Government Companies in Crisis: Director Conflict Paralyzes Operations

by time news

Title: Government Companies in Israel Face Paralysis Amidst Ongoing Conflict

Subtitle: Dire Consequences as Directors Remain Inaccessible and Key Actions Hindered

Date: [Insert Date]

In a deepening conflict between the Director of the Companies Authority, Michal Rosenbaum, and the Director General of the Prime Minister’s Office, Yossi Sheli, the Israeli government companies are now facing a state of paralysis. With no resolution in sight, critical actions such as appointing directors and withdrawing dividends have been significantly hindered, leaving companies unable to function effectively.

The conflict, which has been ongoing for several months, recently escalated when Dodi Amsalem, the minister in charge of Rosenbaum, called for her immediate ousting. The rift between Rosenbaum and Amsalem has resulted in a systemic breakdown within the government companies, rendering them unable to carry out essential tasks.

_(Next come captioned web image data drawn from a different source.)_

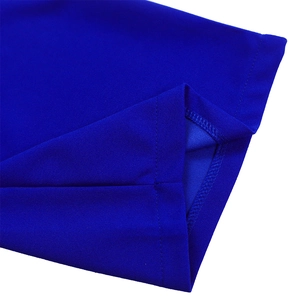 Vue détaillée du pantalon bleu large montrant la qualité des coutures à double aiguille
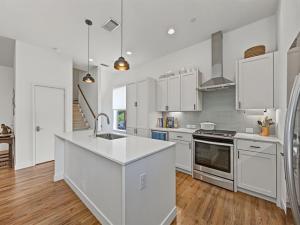 MLS #21393462 image #0
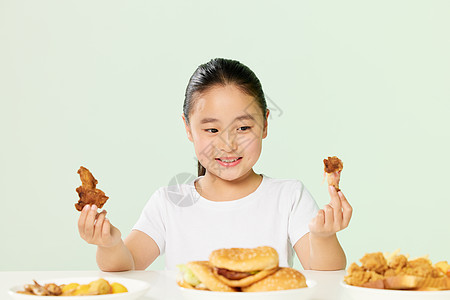 微胖小女孩吃高卡路里食品图片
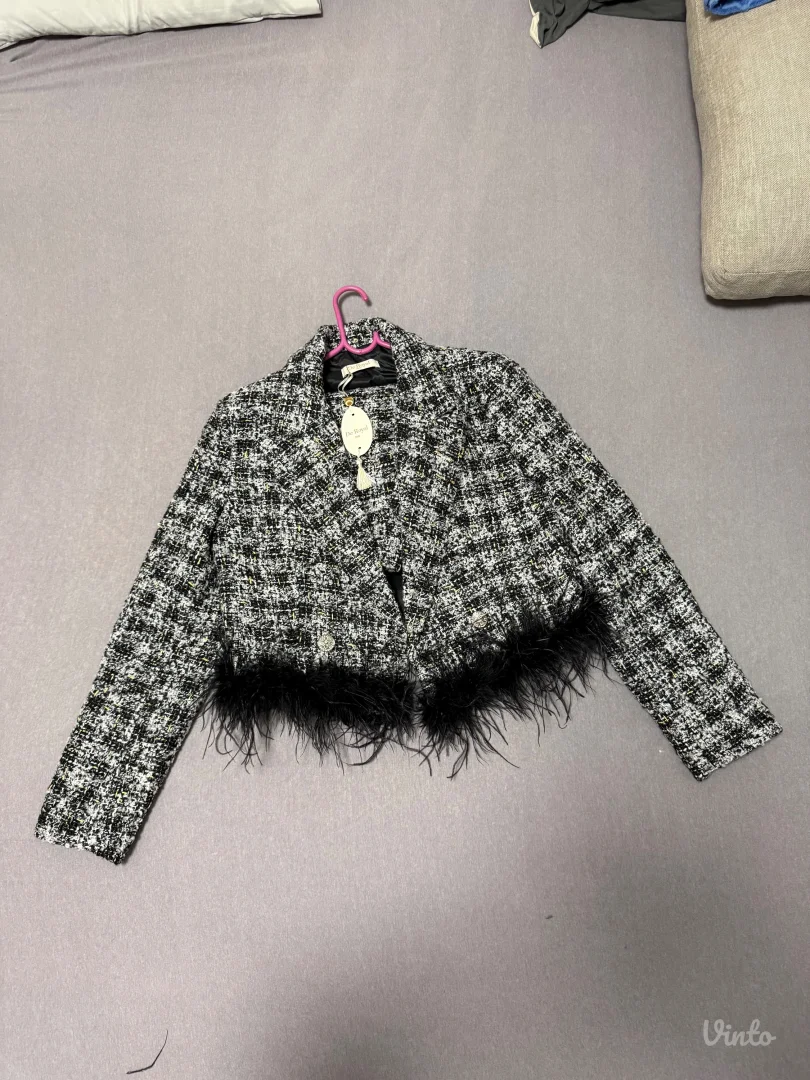 Komplet od tvida - suknja i sako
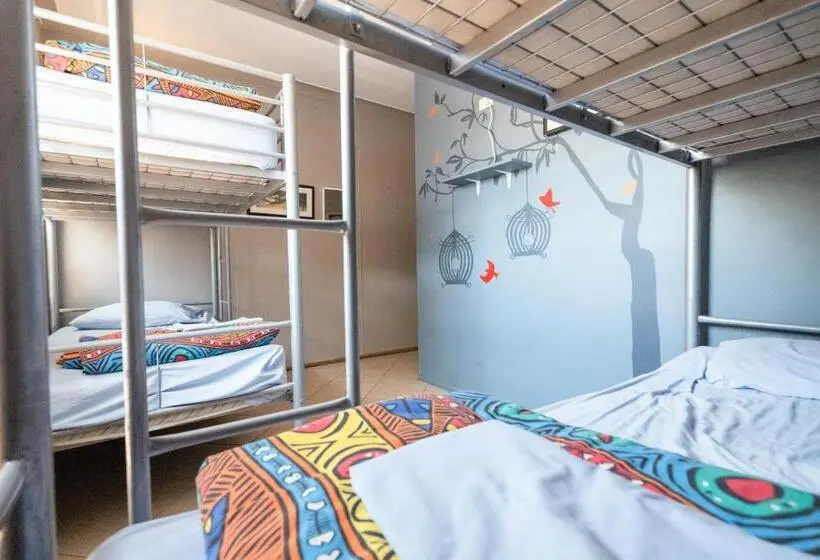 バスルーム共同エコノミー4人部屋, Rockhampton Backpackers Yha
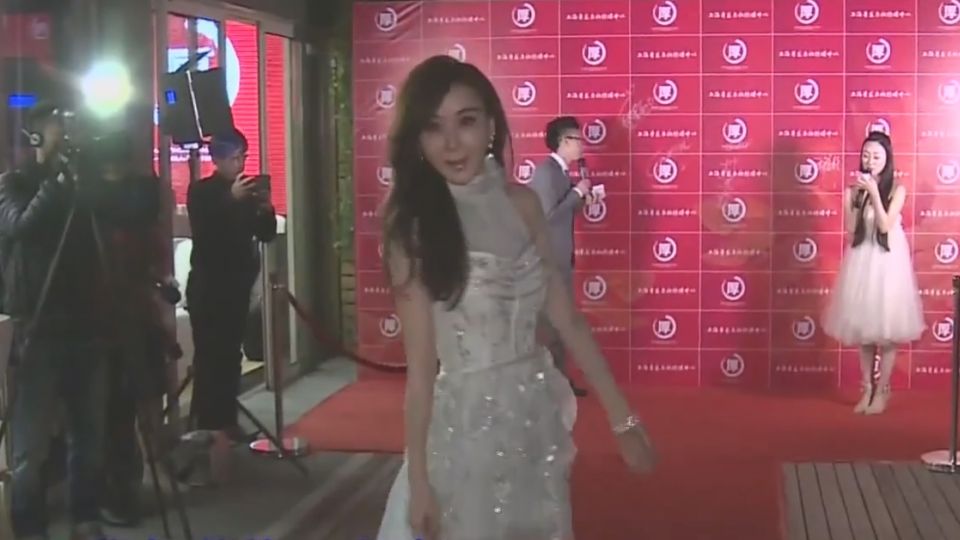 秀18吋小蠻腰 蕭薔現身上海挺華語片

Currently, there is an alarming shortage of directors in the government companies. Out of approximately 700 positions, 400 directors are missing, leaving the boards unable to act. This crisis has crippled decision-making processes and obstructed crucial appointments. For example, the electric company has been without a chairman of the board for two years, with only 7 out of 21 possible directors present. The defense company Elta is also experiencing a significant shortage, with only 5 out of 13 directors in place.

Furthermore, the inability to withdraw dividends from the government companies has created a financial challenge. At present, an estimated 2 billion shekels are “stuck,” unable to be used for budgetary needs or to address the cost of living.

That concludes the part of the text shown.